Эта — пограничная — ночь будет одной из труднейших в вашей жизни. Терзания, боль, невозможность покоя... Затем — бессилие. И опять — терзания, боль... Волна за волной... А поезд будет идти и идти, и время будет отставать от него, как безнадежно опоздавший, но все еще бегущий за последним вагоном пассажир...
...Допустим, я — учитель танцев. А что?! Разве это не важно, не серьезно? Разве не прекрасен танцующий человек?.. Посмотрите, сколько в нем радости в эти минуты! Сколько жизни! Гармонии, великодушия, беззаботности! Нет, не той беззаботности, которая от безделья или тупости. А той, которая от того, что нет тревоги в сердце, нет страха, которая от влюбленности в жизнь и движение, от сознания собственной силы и красоты.

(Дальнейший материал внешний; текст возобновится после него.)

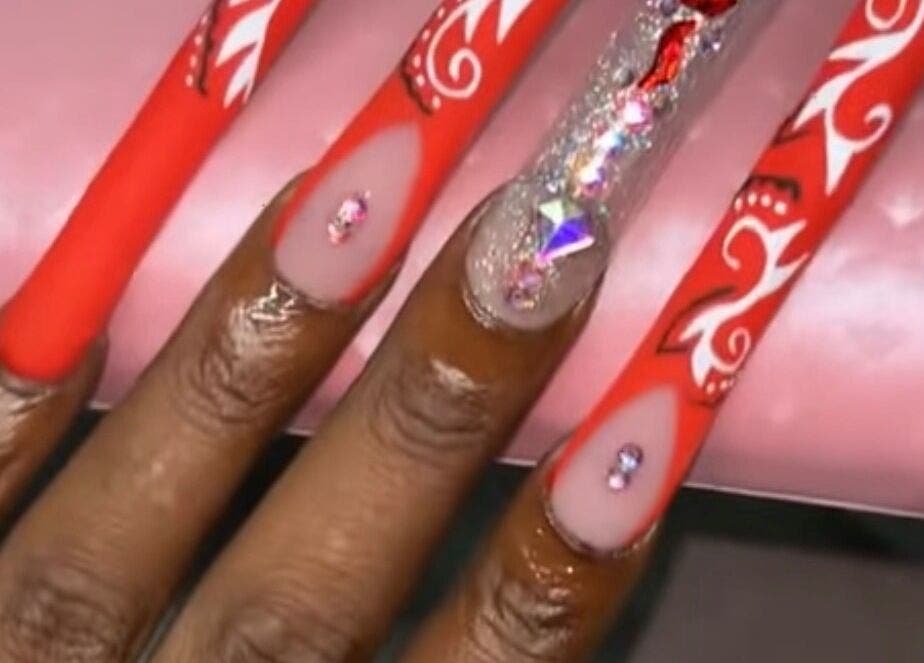 Elegant red and rhinestone nail design at Nailzbyari, Columbus, Ohio, US.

Я учу детей. Как отрадно сознавать, что вот этот неуклюжий, робкий, нескладный человечек скоро станет маленьким танцующим богом.
Так я утверждаю себя.
Я помню десятки имен. Когда я потом встречаюсь с ними на улице, они мне приветливо и благодарно улыбаются. Мы улыбаемся так, как улыбаются, когда понимают друг друга лучше всех. Да, мы понимаем, это правда. Ведь между нами — тайна, тайна танца, этой музыки тела. Тайна знания. Стало быть, я — значу.
О танец! — воплощение радости божественного непокоя! Вся жизнь — воплощение радости! А она — воплощение всей жизни. И она — рядом. Стало быть, я — значу!.. Вы думаете, счастье бывает изнурительным? Долгое-долгое счастье? Нет. То есть, может быть, и бывает, но у меня — не было. Потому что был танец...
А поезд будет идти и идти... И кому-то невидимому, неизвестно кому, может быть, совести своей вы будете говорить такие слова:
— Между нами жила ложь, а я не видел. Я все за правду принимал, а оказалась ложь. Значит — не отличить? Значит — можно спутать?.. Или именно я могу не отличить и спутать? Ведь спутал же... Но ведь это равносильно гибели, это значит, что я перечеркнут, приравнен нулю... Если спутал...
Картины недавнего прошлого развернутся в широкие полотна; они будут нагромождаться друг на друга, ломаться, смазываться; смешиваются лица, голоса и даты; но все-таки одно лицо в этом хаосе останется отчетливым и постоянным — лицо соседа Лусницкого. «Господи! — подумаете вы. — Да при чем тут Лусницкий этот?» Но так вы только попытаетесь обмануть себя, потому что вы знаете, при чем он.